What the Alleged Iran Assassination Plot Means for 2012

Jewel Samad / AFP / Getty Images
Jewel Samad / AFP / Getty Images
President Barack Obama speaks at the Asheville Regional Airport in Fletcher, North Carolina, on Oct. 17, 2011.

Confronted with a President who has killed Osama bin Laden and an almost comically long list of his deputies and associates–being al Qaeda’s military commander is like being the Spinal Tap drummer–the Republican presidential candidates have struggled to attack Obama’s national security policies. They went after his Libya intervention, then piped down after the fall of Gaddafi and the absence of an Islamist government in his place. Obama was supposedly enabling a Muslim Brotherhood takeover in Egypt until it turned out that he was in effect backing a status quo military dictatorship. Few on the right are complaining about his detention and interrogation policies, not even after Obama officials Mirandized a suspected Iranian-backed terrorist on U.S. soil this week.

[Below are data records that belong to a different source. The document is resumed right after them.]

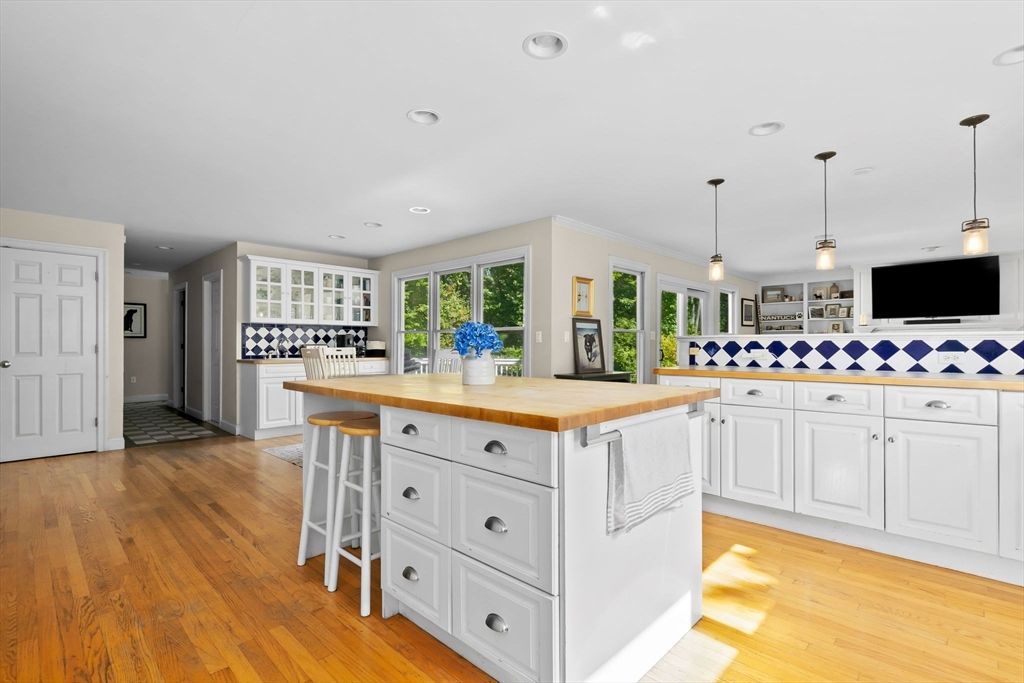 Interior, Kitchen, Pendant Lights, Recessed Lighting, Wood Texture Flooring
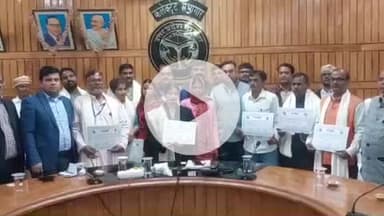 बहराइच: कलेक्ट्रेट सभागार में निर्धारित तिथि से पहले एसआईआर फॉर्म भरवाकर डिजिटाइजेशन कराने वाले 13 BLO को सम्मानित किया गया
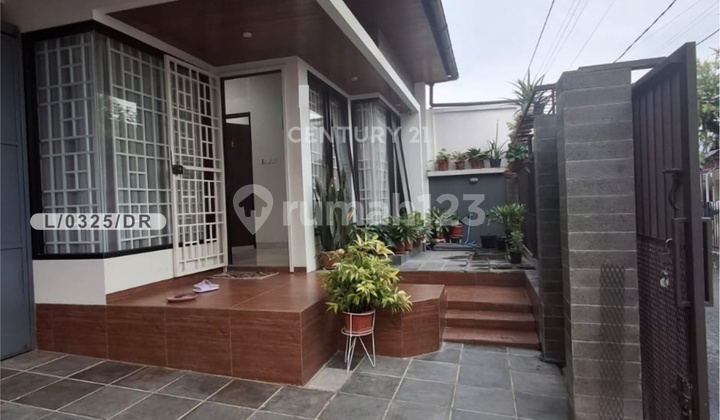 Rumah Bagus Hadap Selatan Di Jl Laksana Sayap Padjajaran Bandung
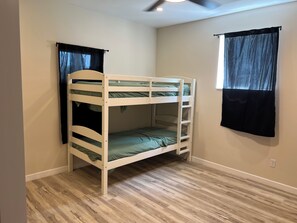 4 Schlafzimmer, WLAN, Bettwäsche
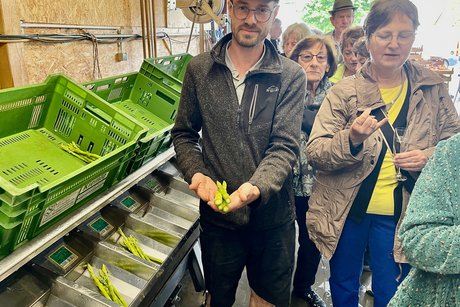 Grötzinger Junior erklärt die Sortieranlage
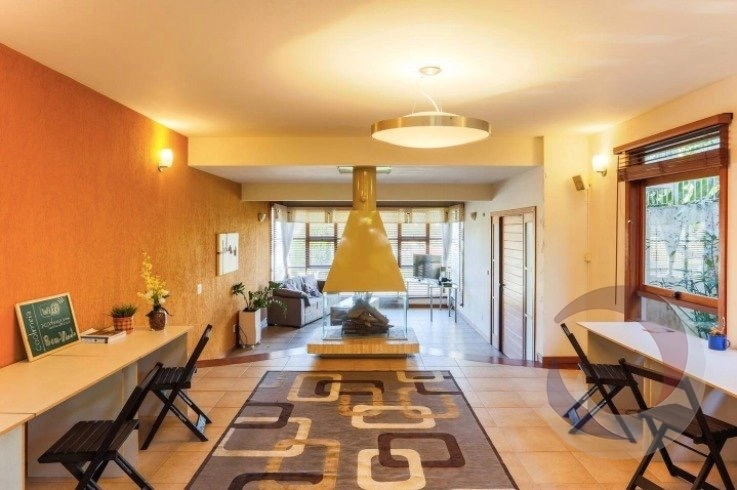 Casa no João Paulo com 5 dormitórios, sendo 4 suítes e 5 vagas: 5ª foto da galeria de imagens do imóvel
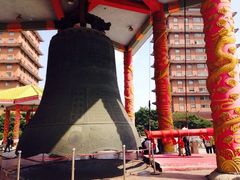 iphone_upload_pic-华西村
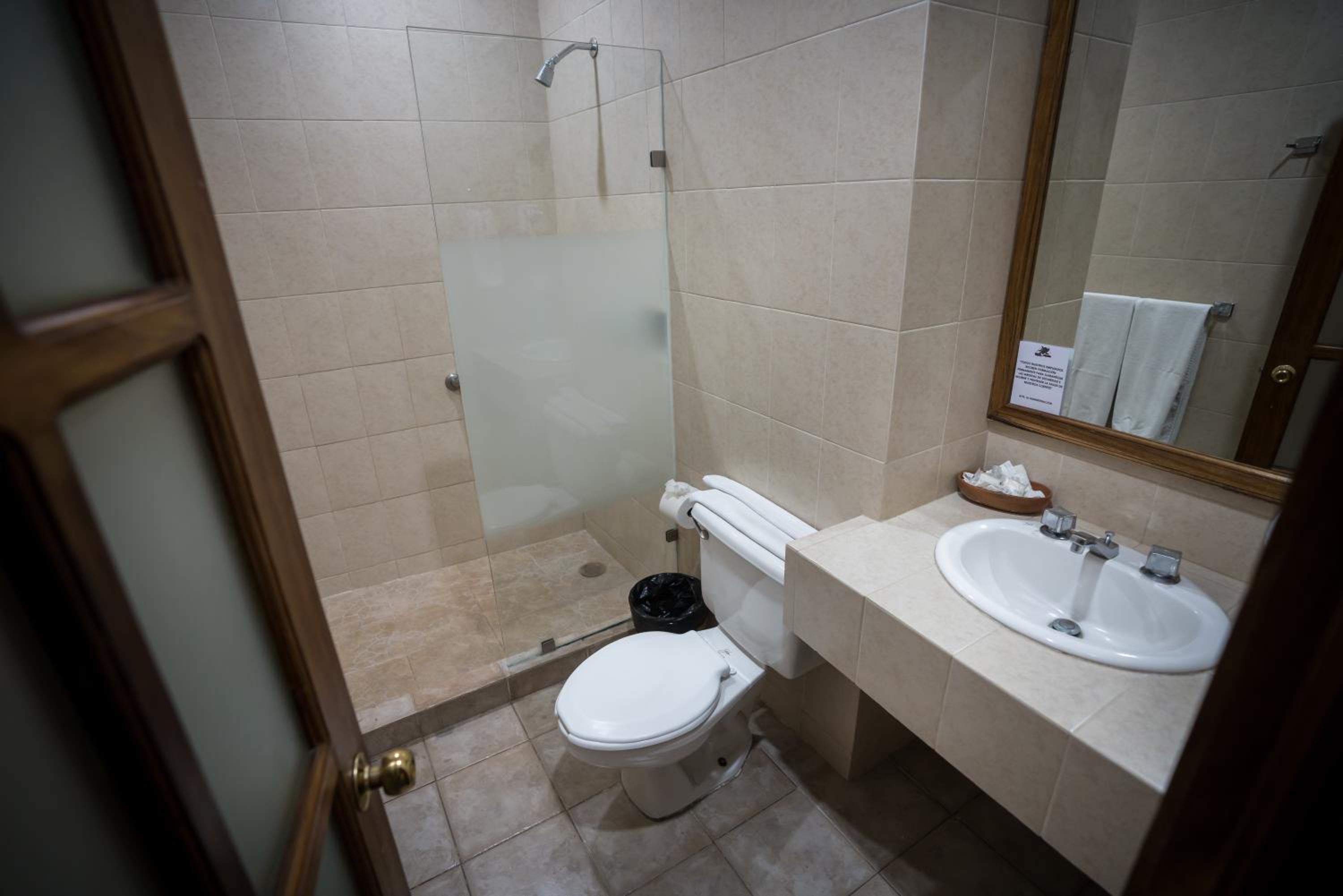 Small Single Room photo 3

Republicans have generally settled on the broad critique that Obama has been weak in his support for popular uprisings in Iran and Syria, and that he has traveled the world apologizing for America’s actions abroad, which bears little resemblance to reality. And then there is, of course, the charge that Obama has abandoned Israel, throwing the Jewish state “under the bus” by pressuring Bibi Netanyahu to freeze settlements and strike a peace deal with the Palestinians. Note that Republicans are ardently courting disenchanted Jewish Democratic donors.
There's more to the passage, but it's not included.